Here we are some 2000 years later and there are many who wonder if we are on the other end of this story.  If Acts shows the church as powerful and in its ascendency, maybe 21st Century America shows the church as losing that power.  Sociologists looking at the Western world sometimes refer to it as post-Christian.  If the Christian message is evaluated solely on cultural prestige, they might be right.

But the power of the Church was never in how big an institution it became.  The power of the Church is not in how large our footprint is.  The power of the Church is not in how many buildings we can build or how many politicians we can influence.  The power of the Church is in the Holy Spirit.  And if we have been baptized with the Holy Spirit then we are in touch with a power to transform that has not been diminished.  The same Holy Spirit that sent unclean spirits shrieking away in Samaria is the same Holy Spirit that you can experience here today.

And what does that mean?  It means that we have been baptized into a strange life - a life that is in touch with that deep mystery that John O'Donohue talks about - that deep life within us that is awakened by our encounter with the living Christ.  And when we know that life - we are called to a strange life in the world - a life that will seem out of step, unusual, peculiar.

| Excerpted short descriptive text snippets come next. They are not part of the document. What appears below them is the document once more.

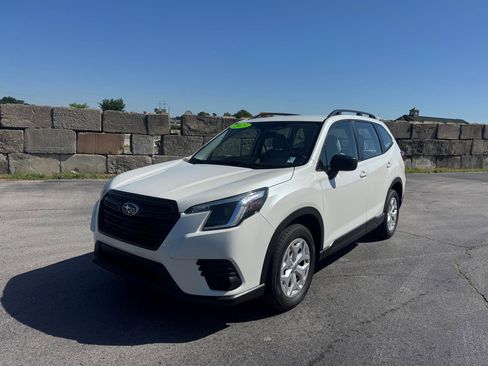 Used 2023 Subaru Forester AWD/4WD image 2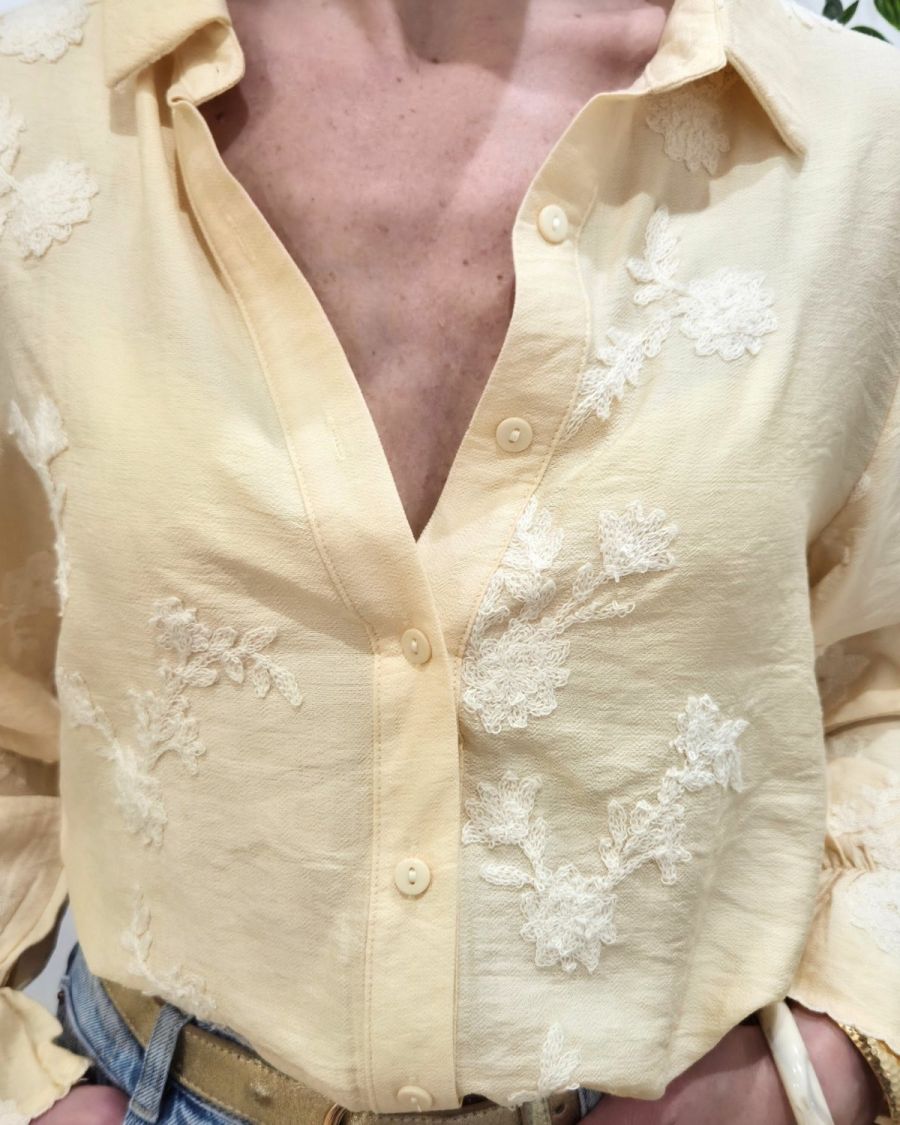 Chemisier femme jaune pâle broderies fleuries beiges Cybéla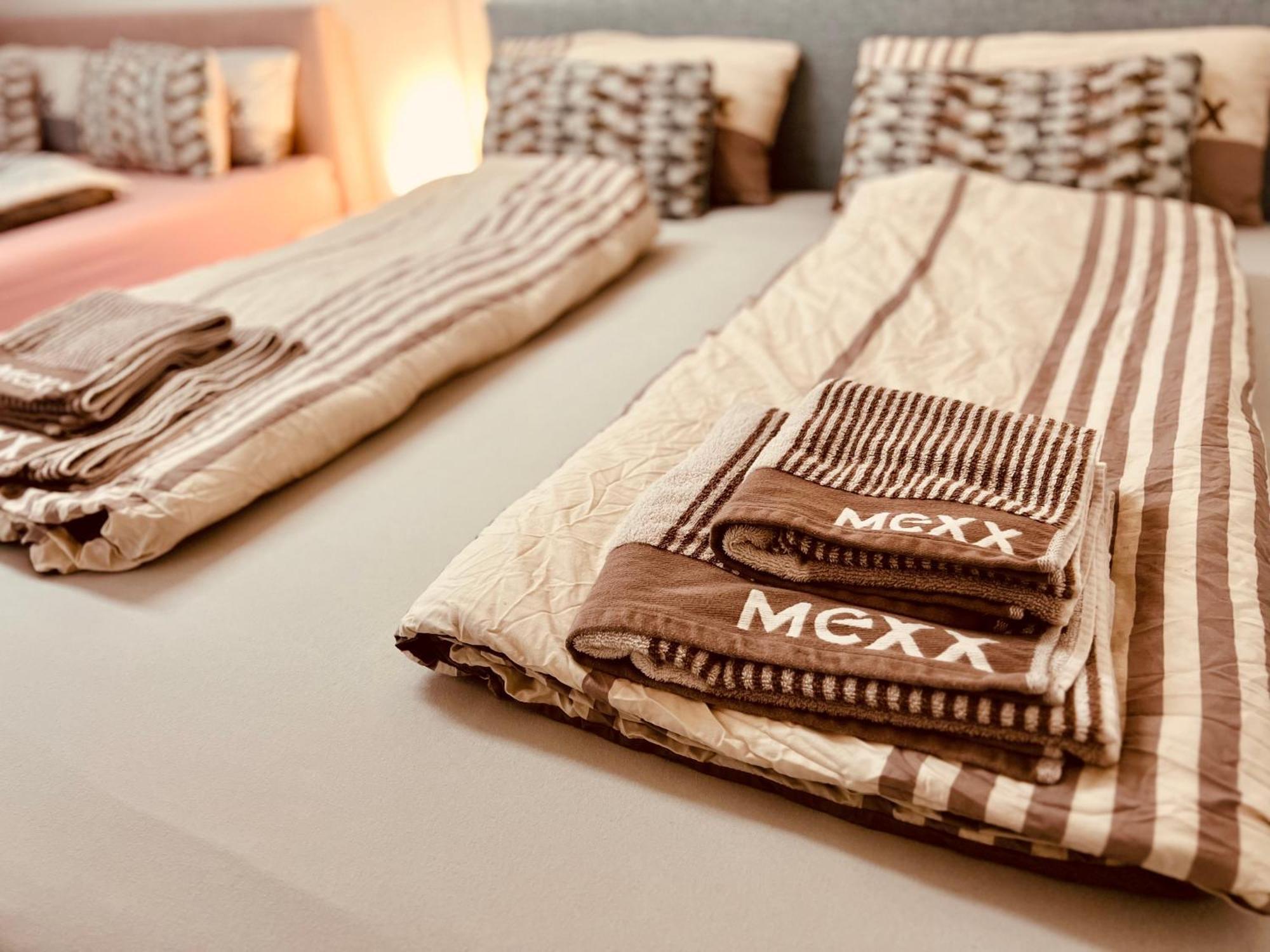 شقة Cologne Luxe Living: Opulent Elegance Unleashed المظهر الخارجي الصورة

In her new book, The Last Runaway, Tracy Chevalier follows Honor Bright, a Quaker, on her journey from England in 1850 to Ohio.  As a Quaker, she is part of a community that lives a simple life with qualities that make her distinct.  Part of that is her commitment to a community that finds slavery abhorrent - something not all Christians felt in 1850.  It also means that she lives life differently day to day.

She spends a few days with a rough-hewn seamstress who chides her about her lifestyle:
 "I'm glad I'm not a Quaker," [she says.] "No whiskey, no color, no feathers, no lies.  What  is there left?"
"No swearing either," Honor added..."We do call ourselves 'the peculiar people,' for we know we must seem so to others."**

Do you ever feel like you are a part of a 'peculiar people'?  If you don't, then maybe we've got our finger on part of the problem.  We are not coming into conflict with the evil powers that rule in our day.  If there are no shrieking spirits, perhaps we have yet to claim the power of the Holy Spirit.

The evangelical writer and speaker, Tony Compolo, has started talking about being a Red Letter Christian.  The goal, he says, is simple: "To take Jesus seriously by endeavoring to live out His radical, counter-cultural teachings as set forth in Scripture, and especially the lifestyle prescribed in the Sermon on the Mount...By calling ourselves Red Letter Christians, we refer to the fact that in many Bibles the words of Jesus are printed in red.  What we are asserting, therefore, is that we have committed ourselves first and foremost to doing what Jesus said."***

What would it mean for you to be a red letter Christian?  Would it mean showing mercy when you feel like being vengeful?  Would it mean loving your enemies?  Would it mean forgiving?  Would it mean spending time in spiritual practices to root out those places that are resisting the spirit?  The strongholds of lust and anger and self-loathing and pride?

Over the next few weeks I want to challenge you to accept this strange life that we are given in Christ.  I want to invite you to a journey that is not easy but which can give you back your soul.  I want to invite you to a path that will put you in the company of others who are struggling to be holy, too.  Sinners who know that their redemption is only in Christ.

It is a strange life.  But you know that the world we think we live in is only paper thin.  You know because there have been moments when you, too, have been surprised by some glint behind your eyes, like that fish that stared up at me through my reflection.  You suspect that there is a world much richer, much deeper - a world filled with the glory of God.  And our brother Jesus has shown us the way.  Our brother Jesus is the Way.  Thanks be to God.

*John O'Donohue, Anam Cara: A Book of Celtic Wisdom, Harper Perennial: New York, 1997, p. xv.
**Tracy Chevalier, The Last Runaway, Dutton: New York, 2013, e-book loc. 632.
***Tony Compolo, Red Letter Christians blog, www.redletterchristians.org/start/.